Google today is making one of its cloud services, the Cloud Dataflow data-processing system, available in beta for engineers to try out.
Announced in June, Cloud Dataflow can handle batch and streaming workloads alike. It could come in handy for the dirty work of wrangling complex data — often referred to extract, transform, load (ETL) — before analysts can query it all.
Google has been accepting applications for a private alpha of the service for the past few months, but now anyone can try it.
“Today, nothing stands between you and the satisfaction of seeing your processing logic, applied in streaming or batch mode (your choice), via a fully managed processing service,” Google product manager William Vambenepe wrote in a blog post on the new feature. “Just write a program, submit it and Cloud Dataflow will do the rest. No clusters to manage, Cloud Dataflow will start the needed resources, autoscale them (within the bounds you choose) and terminate them as soon as the work is done.”
Cloud Dataflow relies on Google Compute Engine for raw computing power, as well as Google Cloud Storage and BigQuery for storing and accessing data. In other words, it’s an abstraction of several components of the Google Cloud Platform, a portfolio of cloud infrastructure tools that competes with Microsoft Azure and Amazon Web Services, among others.

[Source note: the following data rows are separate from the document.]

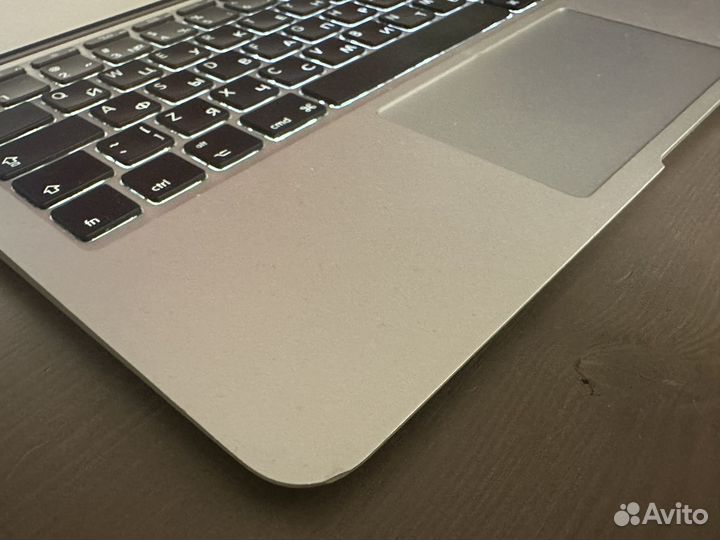 MacBook Air 11 (2011), 256 гб, Core i5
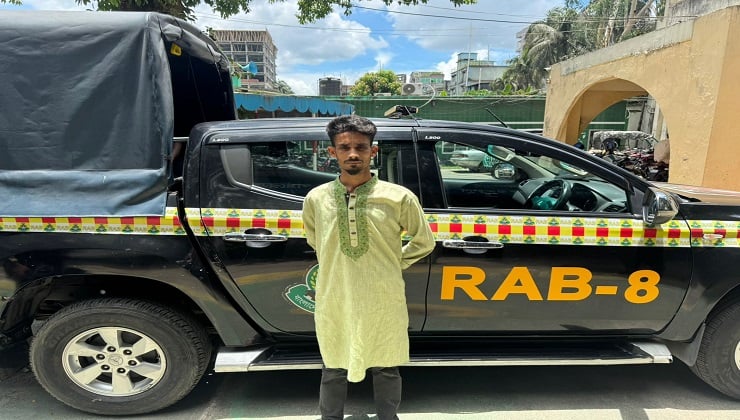 পুলিশ পিটিয়ে ছিনিয়ে নেয়া ছাত্রদল নেতা গ্রেপ্তার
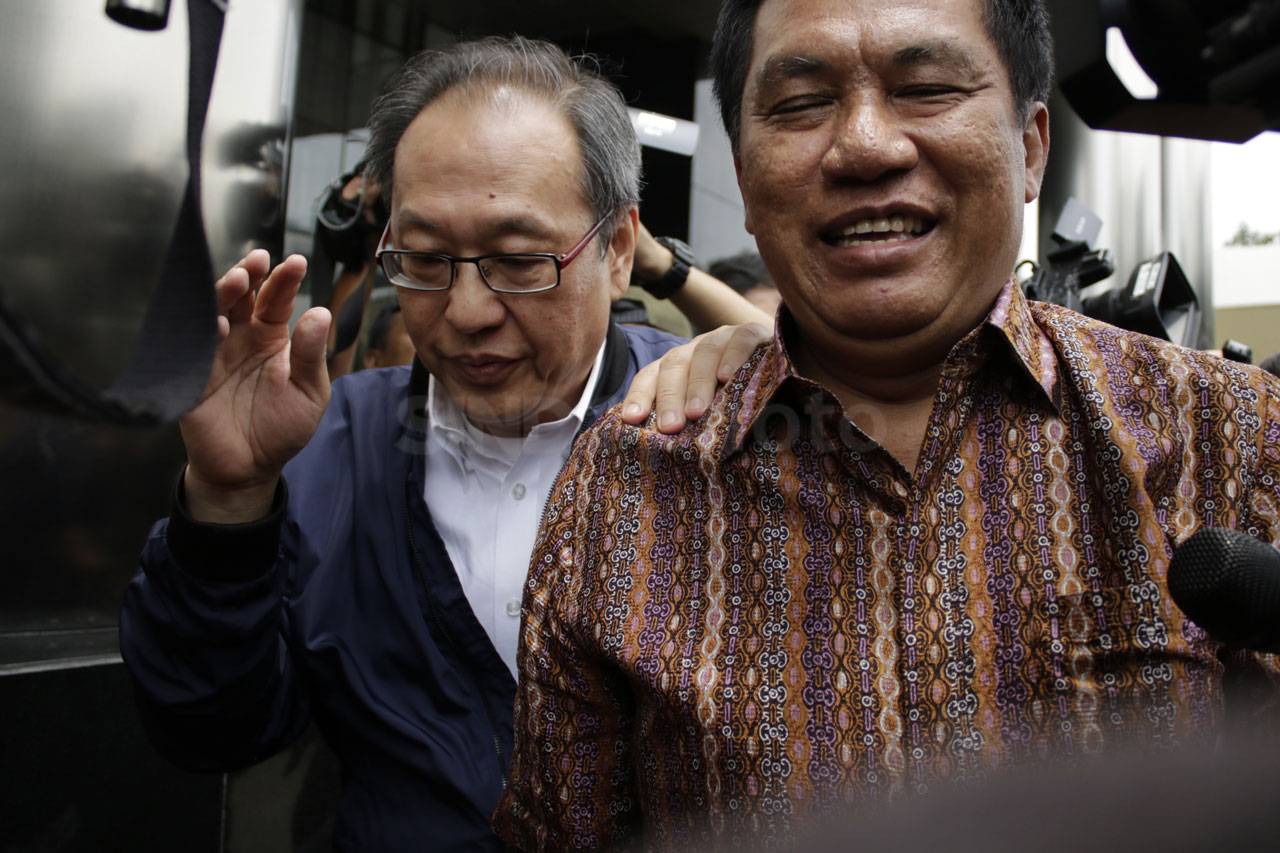 KPK Periksa Tersangka...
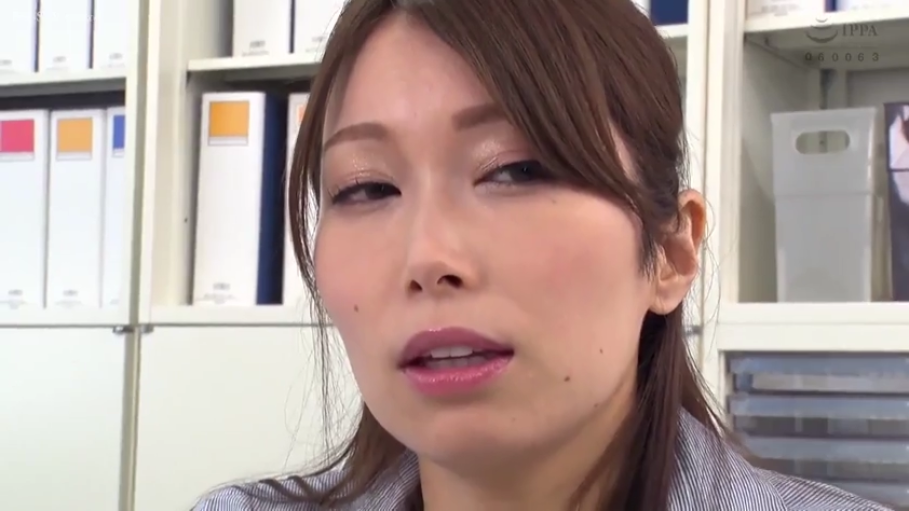 办公室 · 半睁眼 · 条纹衬衫 · 面部特写 · 高光唇釉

Perhaps it’s not surprising that Amazon, the leader of the market, has also been building helpful abstractions of its underlying cloud-infrastructure services — Amazon’s Lambda event-driven computing service comes to mind. But Google is coming up quick, and Cloud Dataflow could be an appealing service for developers looking to build data-rich programs.
Google has been preparing for this rollout. In December, Google issued an open-source Java software-development kit (SDK) for Cloud Dataflow. And in January the company announced that it was collaborating with Hadoop distribution vendor Cloudera to make the Dataflow programming model compatible with Spark.
Also today, Google introduced new features for BigQuery, its managed data-analysis service. The service now lets users tack on permissions for access to specific rows of data in tables. Google has bumped up BigQuery’s default ingestion limit to 100,000 rows per second for each table. And it’s now possible for BigQuery users to isolate data in Google data centers in specific places around the world, including the company’s three zones in Europe.